Because the indicator is so new, its corpus-level story is a **trend**: how fast
disclosure is being adopted from 2023 onward. The bundled simulated corpus
`rt_demo` includes an `is_ai_pred` column (`NA` before 2023) for illustration.

```{r}
data(rt_demo)
ai_by_year <- rt_summary(rt_demo, by = "year", indicators = "is_ai_pred")
# Years before 2023 have no assessable articles (all NA), so no denominator;
# keep only the years where the indicator applies.
ai_by_year <- ai_by_year[ai_by_year$n_articles > 0, ]
knitr::kable(
  ai_by_year[, c("year", "n_articles", "n_detected", "percent")],
  digits = 1,
  col.names = c("Year", "Assessed", "Disclosed", "%")
)
```

Only 2023 onward carries a denominator; earlier years have no assessable
articles and are filtered out above.

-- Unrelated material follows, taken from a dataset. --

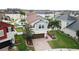 Two-story home with a pool, two-car garage, brick driveway, and a manicured lawn at 11611 Lake Blvd, New Port Richey, FL 34655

Plotted, the adoption curve is the point of
the indicator (`rt_plot()` drops the empty earlier years automatically):

```{r, eval = has_ggplot, fig.width = 7, fig.height = 3.5, fig.alt = "Line chart of generative-AI-use disclosure prevalence by year from 2023"}
library(ggplot2)
rt_plot(rt_demo, type = "trend", year = "year", indicators = "is_ai_pred") +
  ggtitle("Disclosure of generative-AI use (simulated corpus)")
```

It also sits naturally next to the other indicators in a single prevalence
chart; the AI bar simply reflects the 2023-onward subset:

```{r, eval = has_ggplot, fig.width = 7, fig.height = 3.5, fig.alt = "Bar chart of all transparency indicators including AI-use disclosure"}
rt_plot(rt_demo) + ggtitle("Transparency indicators, including AI-use disclosure")
```

## Notes on precision

On a manual validation of 1,000 open-access PMC articles (almost all 2024-2026),
the indicator flagged about 16% of articles, and inspected positives were
genuine disclosures. The main thing it intentionally avoids is treating articles
that *discuss* ChatGPT as their topic, or *use* AI as a research method, as
disclosures: those are not statements about how the manuscript was written. As
with every other indicator, `rt_ai_pmc()` returns the matched text (`ai_text`)
so a positive call can always be inspected.

For the other indicators and the corpus-summary tools used here, see the
[Introduction](rtransparency.html) and
[Summarizing transparency across a corpus](transparency-summary.html) articles.